Tuesday Apr 04, 2006

Developing Modules for Development

I can’t control my masochistic tendencies, so I’m about to start yet another JSR. This time, the topic is modularity. Specifically, some notion of modules for development of Java programming language source code.

The upcoming JSR should not be confused with JSR 277, which deals with deployment modules - you know, JAR files and packaging, run time name space issues in support of side-by-side deployment and the class loading issues. They have the hard problem, and I’ve been quite involved in their discussions and in the design of a reflective module API that looks like it will end up being a key component of their solution.

No, the new language modules JSR deals with relatively simple issues.

The most important of these is information hiding. Currently, the only module-like mechanism available in the Java programming language is the package. As a namespace mechanism, packages have been very successful: the inverted internet domain convention has worked very well, and has been an important contributing factor in the success of the Java platform.

Alas, as a modularity mechanism, packages leave a lot to be desired. Here is the basic problem: suppose you are building a software application. Your system consists of several parts/subsystems.

These subsystems are typically more tightly coupled to each other than to the outside world. So you’d like to each to expose an internal API available to the other subsystems but not to external clients. To do this, you find that you have to place all the subsystems in one big package. The internal API is then package-private. This approach has problems. Your system is all in one giant, unwieldy package. You cannot protect elements of a subsystem from other subsystems.

The obvious alternative is to place each subsystem in its own package. Now the package structure nicely mirrors the design of your application. Each subsystem can protect its internals from the rest of the system. However, you cannot provide that privileged internal API you wanted. You can make things public so that other subsystems can get at them - but now you’ve gone and exposed them to the whole universe.

Here is a strawman solution: we introduce superpackages (The name was NOT my idea). A superpackage lists a series of member packages. Public members of member packages are accessible in all other member packages - but not to the wider world. Only members explicitly exported by the superpackage are available outside the superpackage. This might look something like this:

super package com.sun.myModule {
export com.sun.myModule.myStuff.*;
export com.sun.myModule.yourStuff.Interface;
com.sun.myModule.myStuff;
com.sun.myModule.yourStuff;
com.sun.SomeOtherModule.theirStuff;
org.someOpenSource.someCoolStuff;
}


Don’t fuss over the syntax. It is bound to change.
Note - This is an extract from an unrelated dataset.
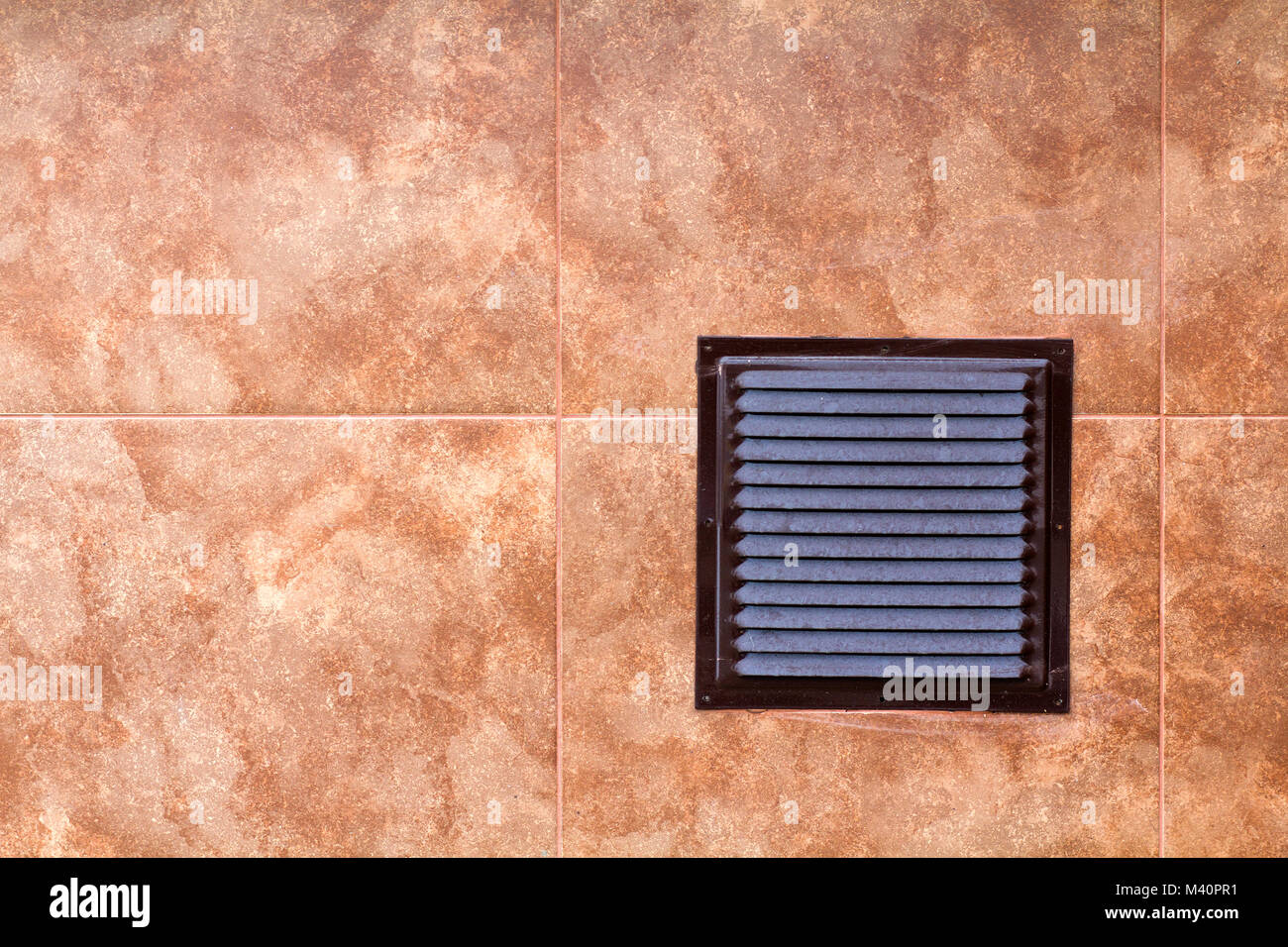 Brown metal industrial panel with ventilation grilles, closeup photo, front view. Detail of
Tangent: Not that syntax doesn’t matter - but semantics are a much deeper issue. That is in fact why most people focus on syntax. It doesn’t require much expertise or understanding, so everyone can have an opinion. This phenomenon is closely related to Parkinson’s law of Triviality:


The time spent on any item of the agenda will be in inverse proportion to the sum involved.




So, repeat after me: fussing over syntax is for the language-design challenged, and for marketing to the illiterati.
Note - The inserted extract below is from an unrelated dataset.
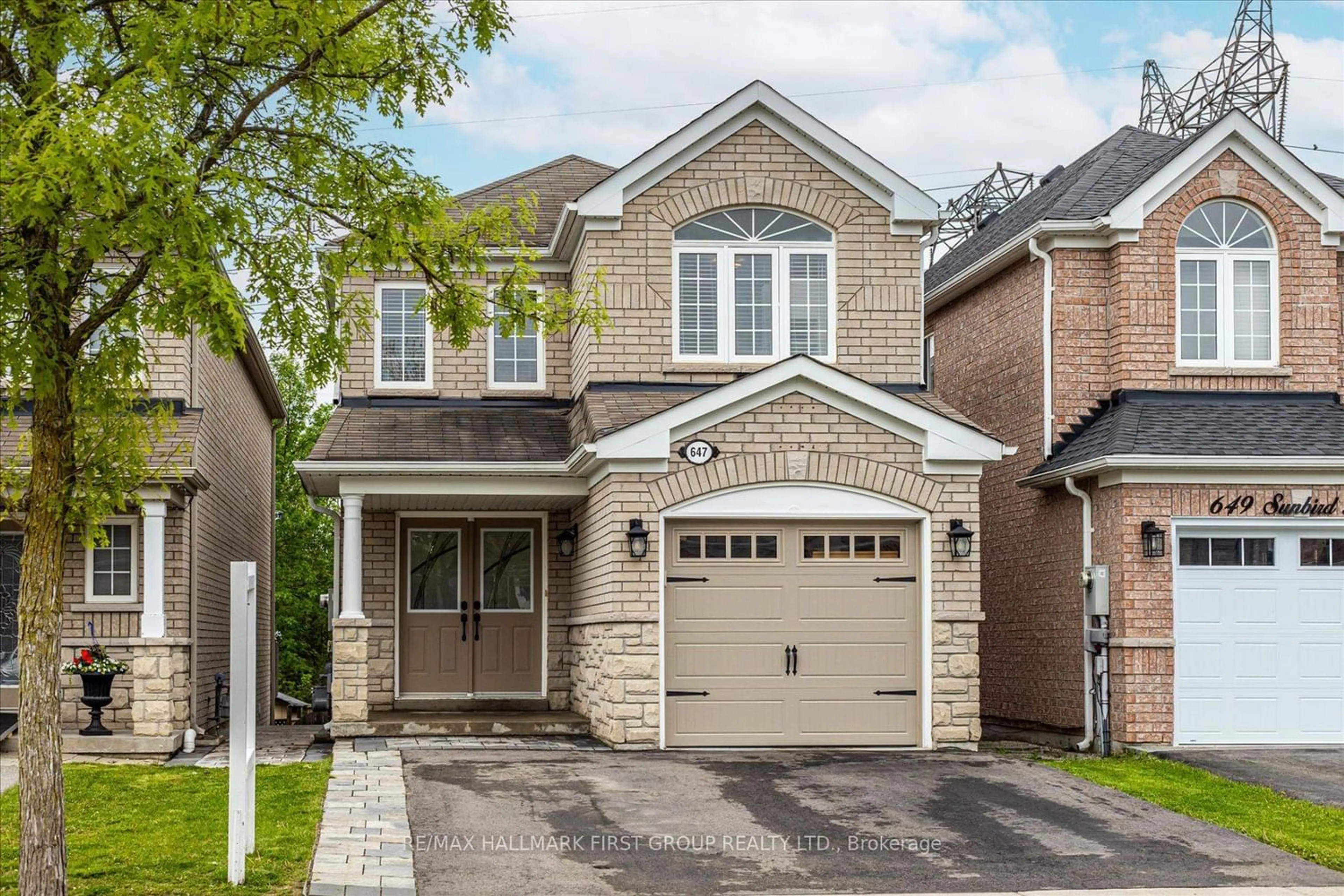 Home with brick exterior material for 647 Sunbird Tr, Pickering Ontario L1X 2X7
Another, less critical issue we’d like to deal with is separate compilation. Today, if you import code from another package, you need to have that code available - either as source or as binary. In principle, all you really need are the declarations of the public members you are using. You can get around this fairly easily by constructing dummy declarations - but it is an ugly nuisance.

Here is an example:

package interface fully.qualified.packageName;
// implicitly public types and members
class C implements fully.qualified.interface {
String someMethod();
C(int i);
protected Object aFieldName;
}


Remember, this is a strawman; there should be a JSR dealing with this soon, and the expert group will resolve all of these issues. For example, it will have to decide whether superpackages nest, and what the exact VM access rules are, what the source syntax and binary formats are etc. And very importantly, all of this stuff will have to play well with JSR 277, which is why the two EGs are certain to have several members in common.

Comments:

Gilad, wouldn't "superpackage" overcomplicate development and make deployment and packaging more difficult? Existing solutions (OSGi for instance) deal with this beaking code into modules that give isolation you looking for. The missing part is probably tooling support (well, again only outside Eclipse). Though separate compilation is interesting problem. I wonder what impact it has on the bytecode level. By the way, Eclipse has interesting feature for applying refactorings scripts right to compiled code (e.g. jars built from different code branch). It would be interesting to find out if there is someting in common with this issue.

Posted by eu on April 04, 2006 at 03:13 PM PDT #

No.

Superpackages have the nice property that existing code doesn't change at all. So if you are happy now, you can keep doing what you're doing.

Note also that the interface between the language features and JSR 277 is much narrower than people think at first. If anything, this stuff facilitates JSR277, which facilitates deployment.

OSGi is irrelevant to the concerns here. It attempts to address deployment, while this is a development solution.

Posted by Gilad Bracha on April 04, 2006 at 05:20 PM PDT #

No.

Superpackages have the nice property that existing code doesn't change at all. So if you are happy now, you can keep doing what you're doing.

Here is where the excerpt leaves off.